By Jessica Savrock
For Blue Weekly
Sean Paul take the stage tonight at the BJC with special guest Bubba Sparxx.
He brought a reggae sound to the American pop-culture scene earlier this decade with the release of "Dutty Rock," which included tracks such as "Gimmie the Light," "Like Glue" and "Shake That Thing." His 2005 album "The Trinity" has spent more than 21 weeks at No. 1 on Billboard's Top Reggae Albums chart, with titles including "Temperature" and "We Be Burning." His single featuring Keyshia Cole, "Give It Up To Me," is currently No. 3 on the Billboard Top 100 chart. And tonight, he will rock the Bryce Jordan Center with special guest Bubba Sparxxx.
Sean Paul has become an idol among U.S. fans who enjoy his Jamaican approach to pop music and for international artists trying to break into the American music scene. He shares with Blue Weekly some of the secrets of how he became the star he is today.
Blue Weekly: Tell me a little bit about how you got into the music business.

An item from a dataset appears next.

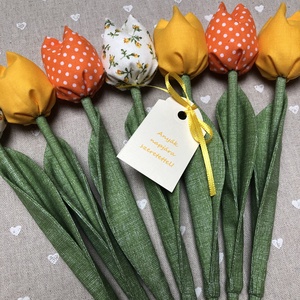 Anyák napi textil tulipánok / szett: 7 db/ ingyen ajándékkísérővel - Meska.hu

Sean Paul:I used to beat on desks at school and make up songs with my friends at lunch time ... kind of like a Jamaican cipher. Then I started making dub plates and drops for sound systems and radio jocks and appearing at small dances and BBQs and it grew from there.
BW:I've read that you're the first reggae artist to ever appear on the cover of Vibe magazine, and are the most successful Jamaican artist of all time on the U.S. charts. What advice do you have for young, international artists trying to make it in the business?
SP:Man, just be yourself and keep on trying.
BW:You've obviously been very successful in breaking through from a reggae artist to an internationally known star. How difficult has this journey been?
SP:It has been a natural journey. I just make music that people all over the world seem to be able to relate to ... even though sometimes it's only the chorus they can understand.
BW:From where or whom do you get your musical inspiration?
SP:The kids in Jamaica making crazy beats and the legends in the reggae biz, like Super Cat, Stitchie and Shabba.
BW:You've had numerous achievements over the past few years, including a 2003 Grammy Award for Best Reggae Album for "Dutty Rock," three No. 1 singles and five Top 10 hits. To what do you attribute your success?
SP:My formula is being true to what I am. I still use Jamaican producers and write songs that people from New York to London to Kingston (Jamaica) to Toronto can relate to.
BW:Of which achievements are you most proud?
SP:Performing with Sting at the Grammy's is up there ... and it's a beautiful thing to be able to take my culture to the world through TV, radio and the press.